==== Material provided ====

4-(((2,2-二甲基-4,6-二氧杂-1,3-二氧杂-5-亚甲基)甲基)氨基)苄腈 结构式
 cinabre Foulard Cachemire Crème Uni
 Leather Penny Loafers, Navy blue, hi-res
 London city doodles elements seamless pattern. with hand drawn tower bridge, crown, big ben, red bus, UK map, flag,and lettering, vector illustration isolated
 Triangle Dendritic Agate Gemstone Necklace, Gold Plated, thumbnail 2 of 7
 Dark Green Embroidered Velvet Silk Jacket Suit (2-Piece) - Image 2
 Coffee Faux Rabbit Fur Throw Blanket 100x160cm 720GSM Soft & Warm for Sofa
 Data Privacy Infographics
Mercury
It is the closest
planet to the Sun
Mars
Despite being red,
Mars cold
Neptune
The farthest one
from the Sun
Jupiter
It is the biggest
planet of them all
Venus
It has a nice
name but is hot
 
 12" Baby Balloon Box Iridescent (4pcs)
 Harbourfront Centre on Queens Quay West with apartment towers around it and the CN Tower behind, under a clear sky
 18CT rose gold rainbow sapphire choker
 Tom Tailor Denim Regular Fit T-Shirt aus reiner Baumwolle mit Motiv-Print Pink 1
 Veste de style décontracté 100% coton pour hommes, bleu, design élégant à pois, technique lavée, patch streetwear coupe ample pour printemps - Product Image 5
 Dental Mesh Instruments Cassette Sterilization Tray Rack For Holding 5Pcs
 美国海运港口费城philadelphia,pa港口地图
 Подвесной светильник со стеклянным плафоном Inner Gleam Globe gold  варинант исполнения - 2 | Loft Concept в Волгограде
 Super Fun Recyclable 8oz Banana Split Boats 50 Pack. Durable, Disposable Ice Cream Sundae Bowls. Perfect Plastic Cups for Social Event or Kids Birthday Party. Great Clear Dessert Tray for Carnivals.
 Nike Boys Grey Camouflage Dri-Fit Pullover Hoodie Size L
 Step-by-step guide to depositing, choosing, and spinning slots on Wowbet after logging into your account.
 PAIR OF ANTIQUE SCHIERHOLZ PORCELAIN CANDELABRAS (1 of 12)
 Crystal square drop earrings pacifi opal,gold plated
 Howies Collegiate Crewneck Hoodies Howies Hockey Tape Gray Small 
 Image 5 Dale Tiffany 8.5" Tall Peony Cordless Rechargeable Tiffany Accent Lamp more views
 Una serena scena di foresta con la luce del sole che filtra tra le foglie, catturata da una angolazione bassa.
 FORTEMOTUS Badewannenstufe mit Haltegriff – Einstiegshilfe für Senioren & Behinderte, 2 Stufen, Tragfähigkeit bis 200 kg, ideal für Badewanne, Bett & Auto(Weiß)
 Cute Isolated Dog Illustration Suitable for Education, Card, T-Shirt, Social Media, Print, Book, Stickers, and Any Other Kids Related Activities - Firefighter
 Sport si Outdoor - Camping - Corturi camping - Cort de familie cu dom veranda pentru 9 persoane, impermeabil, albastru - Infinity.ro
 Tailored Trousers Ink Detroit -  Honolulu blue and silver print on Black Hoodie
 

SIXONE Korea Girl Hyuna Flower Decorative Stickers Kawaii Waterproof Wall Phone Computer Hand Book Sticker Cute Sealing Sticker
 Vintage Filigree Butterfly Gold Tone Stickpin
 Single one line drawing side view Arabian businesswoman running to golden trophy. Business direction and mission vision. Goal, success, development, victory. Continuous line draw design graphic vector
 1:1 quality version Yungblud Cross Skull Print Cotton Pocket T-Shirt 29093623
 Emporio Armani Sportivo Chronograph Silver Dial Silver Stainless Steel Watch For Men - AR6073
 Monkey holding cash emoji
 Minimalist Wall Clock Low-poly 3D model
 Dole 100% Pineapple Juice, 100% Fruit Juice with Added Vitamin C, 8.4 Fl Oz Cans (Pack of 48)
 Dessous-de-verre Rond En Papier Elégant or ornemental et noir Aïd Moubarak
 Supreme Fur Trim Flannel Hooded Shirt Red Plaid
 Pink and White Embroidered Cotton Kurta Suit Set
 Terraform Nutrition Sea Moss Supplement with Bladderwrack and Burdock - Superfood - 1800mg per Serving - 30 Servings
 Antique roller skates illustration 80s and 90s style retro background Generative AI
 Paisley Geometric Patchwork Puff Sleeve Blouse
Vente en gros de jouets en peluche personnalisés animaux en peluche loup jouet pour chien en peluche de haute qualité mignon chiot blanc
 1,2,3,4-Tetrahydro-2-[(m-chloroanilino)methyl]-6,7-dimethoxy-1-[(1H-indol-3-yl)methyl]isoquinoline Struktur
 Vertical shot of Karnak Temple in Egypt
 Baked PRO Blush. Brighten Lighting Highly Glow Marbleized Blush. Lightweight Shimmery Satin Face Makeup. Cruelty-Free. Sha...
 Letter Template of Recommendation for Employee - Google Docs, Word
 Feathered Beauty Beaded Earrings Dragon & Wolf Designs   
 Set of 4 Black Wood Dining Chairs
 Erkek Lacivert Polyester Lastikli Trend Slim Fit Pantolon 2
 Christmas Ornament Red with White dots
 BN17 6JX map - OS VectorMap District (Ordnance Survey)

====

Assignment => Only certain lines are wanted. Please return exactly those from the top of the data through the line with "name but is hot".

Solution to this task =>
4-(((2,2-二甲基-4,6-二氧杂-1,3-二氧杂-5-亚甲基)甲基)氨基)苄腈 结构式
 cinabre Foulard Cachemire Crème Uni
 Leather Penny Loafers, Navy blue, hi-res
 London city doodles elements seamless pattern. with hand drawn tower bridge, crown, big ben, red bus, UK map, flag,and lettering, vector illustration isolated
 Triangle Dendritic Agate Gemstone Necklace, Gold Plated, thumbnail 2 of 7
 Dark Green Embroidered Velvet Silk Jacket Suit (2-Piece) - Image 2
 Coffee Faux Rabbit Fur Throw Blanket 100x160cm 720GSM Soft & Warm for Sofa
 Data Privacy Infographics
Mercury
It is the closest
planet to the Sun
Mars
Despite being red,
Mars cold
Neptune
The farthest one
from the Sun
Jupiter
It is the biggest
planet of them all
Venus
It has a nice
name but is hot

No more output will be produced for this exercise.